The two principal types of
tenement houses thus indicated
each developed evils all its
own. The use of the old,
one-family dwelling as a
tenement was mainly responsible
for the growth of that great "
cellar population " which was
the constant object of anxious
attention on the part of
philanthropists and sanitary
reformers for many years.
The barrack, run up expressly
for tenement purposes, and
planted in every possible patch
or corner of unoccupied space in
the poorer neighborhoods, in the
back yards of old dwellings, as
in the example above, or in sets
or rows, one behind the other,
or side by side, along narrow
"courts " and "alleys," brought
darkness and dampness, with all
their attendant evils, above
ground, thus practically making
a new "cellar population " not
confined to the cellars, but
placed in layers, one above the
other, up to six stories in
height.
That the development of a
tenement house system as thus
described was due to the demands
for housing created by
immigration, was stated again
and again by contemporary
observers.
.
An especially interesting
feature in the tenement system
of the time was the practice of
subletting, an important phase
both in the life of the
immigrant and in the housing
problem.
Dr.
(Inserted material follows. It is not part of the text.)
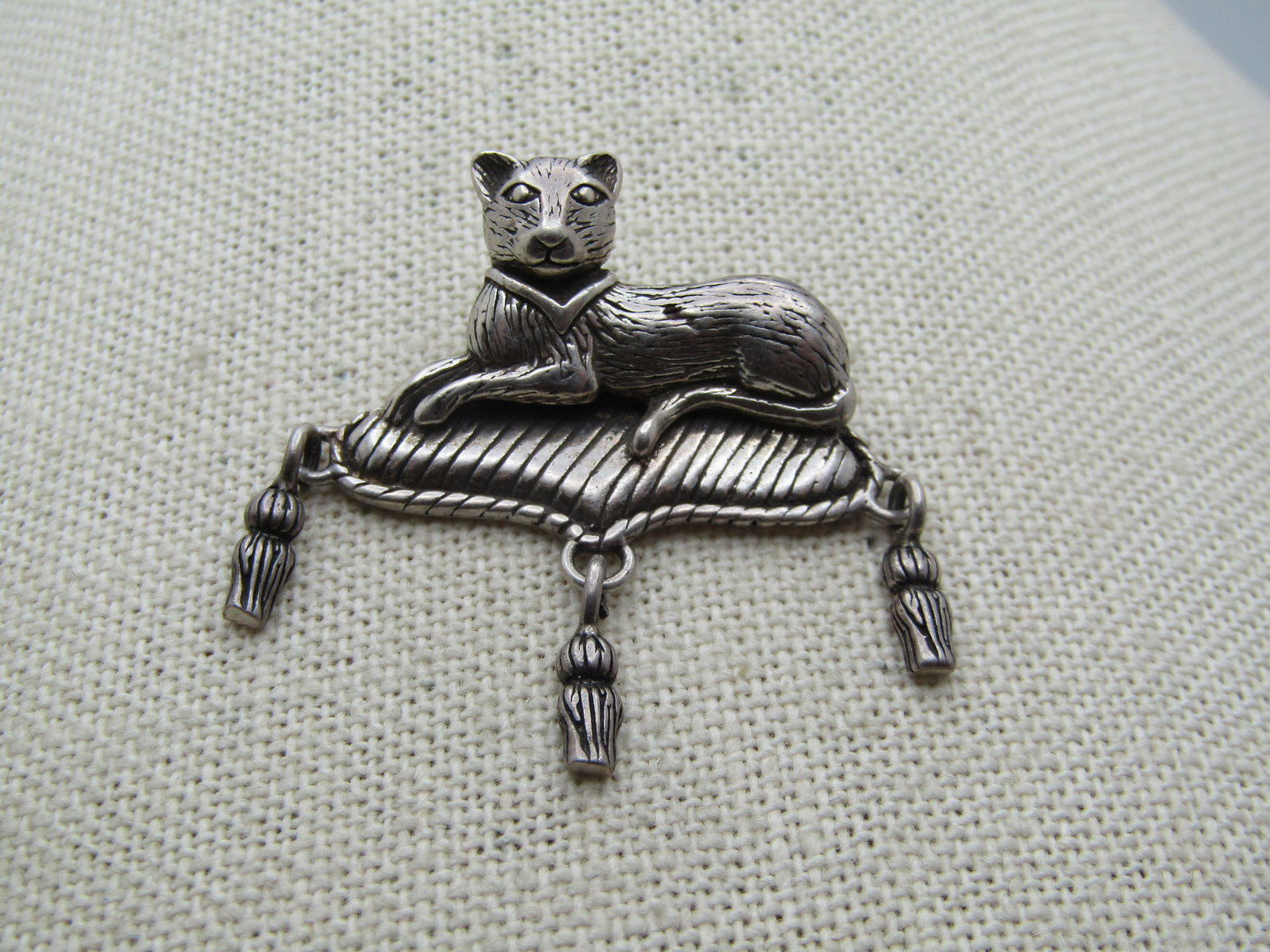 Vintage Sterling Cat on Cushion Brooch, 1980's-1990's, Jezlaine.: Vintage Sterling Cat on Cushion Brooch, 1980's-1990's. Very cute tasseled cushion with a regal-looking resting cat. Nice detail. It tests as sterling with a weight of appx. 9.43 gr. It is 1.5"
Griscom, in his report on
the " Sanitary Condition of the
Laboring Population of New York
" in 1845, says: — "
The system of tenantage to which
large numbers of the poor are
subjected, I think must be
regarded as one of the principal
causes of the helpless and
noisome manner in which they
live. The basis of these evils
is the subjection of the
tenantry to the merciless
inflictions and extortions of
the sub-landlord. The owner is
relieved of trouble; the lessee
tries to make and save as much
as possible, sufficient
sometimes to enable him to
purchase the property in a short
time.
"The tenements, in order to
admit a greater number of
families, are divided into small
apartments, as numerous as
decency will admit. Regard to
comfort, convenience, and health
is the last motive ; indeed, the
great ignorance of this class of
speculators (who are very
frequently foreigners and keep a
grog-shop on the premises) would
prevent a proper observance of
these had they the desire. These
closets, for they deserve no
other name, are then rented to
the poor, from week to week, or
month to month, the rent being
almost invariably required in
advance, at least for the first
few terms. The families moving
in first after the house is
built find it clean, but the
lessee has no supervision over
their habits, and however filthy
the tenement may become, he
cares not so that he receives
his rent. He and his family are
often steeped as low in
depravity and discomforts as any
of his tenants, being above them
only in the possession of money,
and doubtless often beneath them
in moral worth and sensibility."
In the Report of the Association
for Improving the Condition of
the Poor, for 1853, it is stated
that " the evils the laboring
classes suffer from the
enumerated causes are greatly
aggravated by a species of
subletting which extensively
prevails in most parts of the
city, often subjecting them to
the merciless exactions of
capricious and unprincipled
landlords, and also to the
influence of circumstances which
cannot fail to degrade them."
Sometimes a second "sub-owner,"
or agent, is in evidence. An
investigating committee in 1857
talked with one of these men and
learned some facts which led
them to state in their minutes,
after reporting the talk:
"The foregoing colloquy
satisfied the committee of the
evils of the ' middleman'
system. The buildings under
consideration (Folsom's
Barracks) are first built as a
speculation in the cheapest
manner and then the owner
delegates his brother to oversee
them; the brother again gives
them in charge to a third party,
who, he says, can I do better
with them than he can.' Here we
have two agents between landlord
and tenant, both, of course,
drawing substance from the
miserable people inhabiting
these filthy houses."
This system of course raised
rents very materially, as each
"middleman" had to have his
profit. The increase was stated
to be anywhere from 12 to 25 per
cent, upon a total rental value
already enormous.
That the sub-landlord was, more
often than not, originally an
immigrant himself, is an
interesting feature in the
situation. It is one of the
difficulties the sympathizer
with struggling humanity is
baffled with, that the man who
has just succeeded in climbing
one
round of the ladder is the first
to kick down, if he can, the man
just below him. And so these
Irish and German sub-landlords
were among the hardest and most
unprincipled of those who dealt
with the newly arriving
immigrant. They were, usually,
keepers of groggeries or
"groceries " (which latter seem
to have been almost the
equivalent of the former at that
period), and so added the
enticements of vice to the other
evils they pressed upon the poor
tenants.
From 1842 on immigration
increased and the tenement house
system grew. Immigration rose
rapidly after 1844, and this
rise was again followed by
complaints about housing. The
Association for Improving the
Condition of the Poor began a
movement for the bettering of
housing conditions in 1846, and
in 1853, in which year
immigration amounted to nearly
400,000 arrivals, presented its
First Report of a Committee on
the Sanitary Condition of the
Laboring classes.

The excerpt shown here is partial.